:: Records supplied ::
________________________

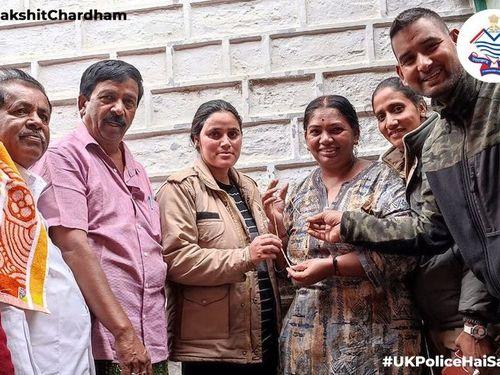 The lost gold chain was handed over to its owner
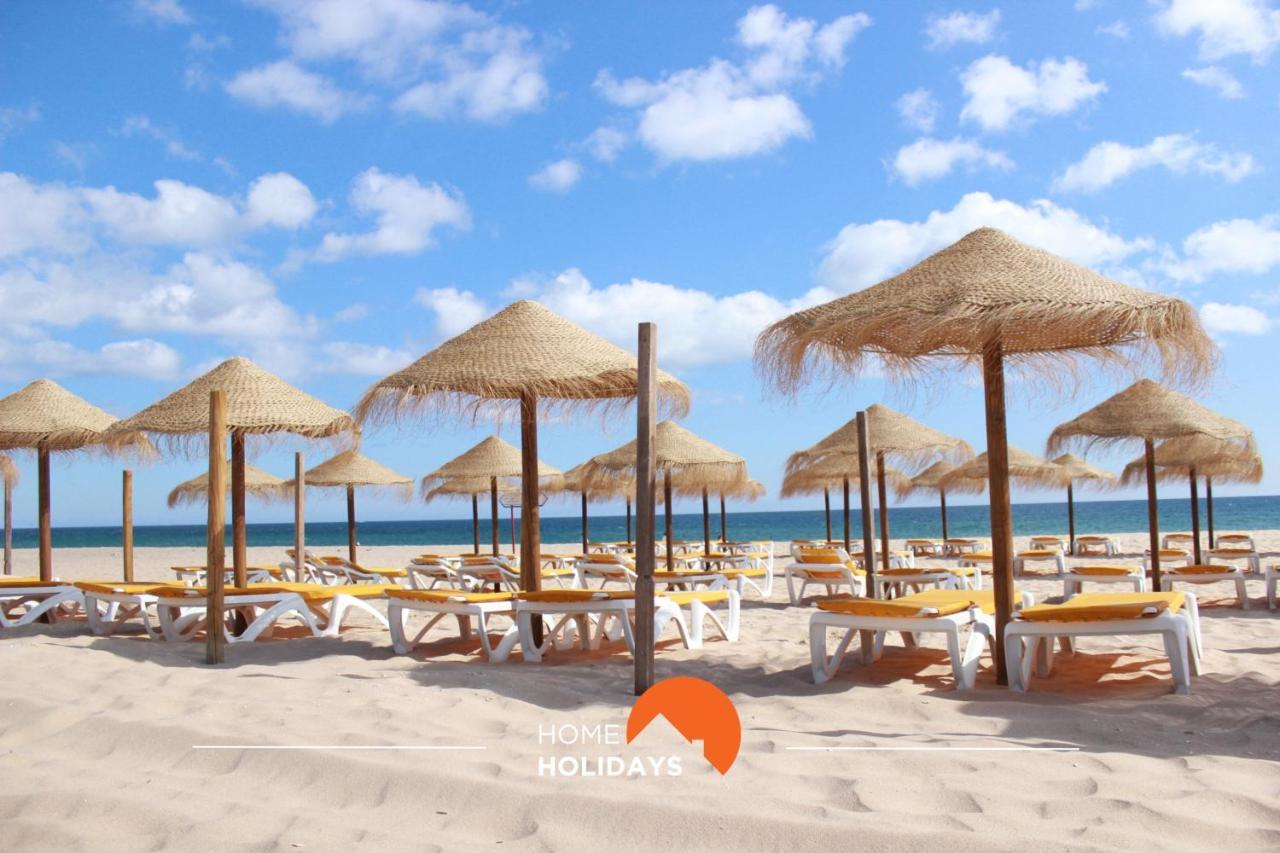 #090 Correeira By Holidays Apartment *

________________________

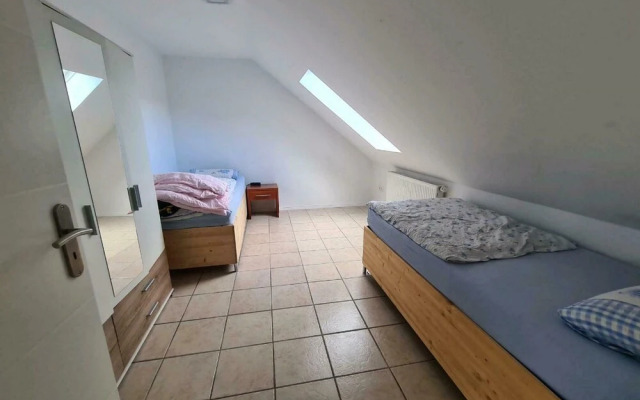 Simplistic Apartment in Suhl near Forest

________________________

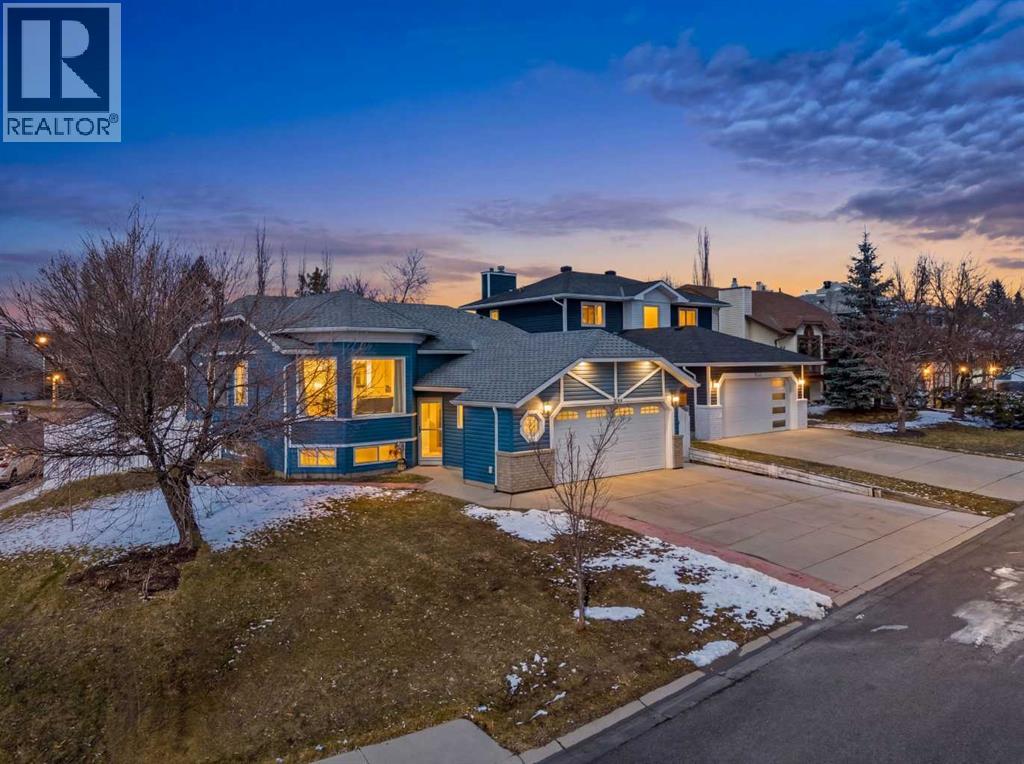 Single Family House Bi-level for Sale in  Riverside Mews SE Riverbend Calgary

________________________

:: Required work ::
Above are records with pictures. Reproduce exactly only the lines from the line with "The lost gold" through the line with "#090 Correeira By Holidays Apartment *", both ends included, and leave the pictures out.

:: Answer space ::
 The lost gold chain was handed over to its owner
 #090 Correeira By Holidays Apartment *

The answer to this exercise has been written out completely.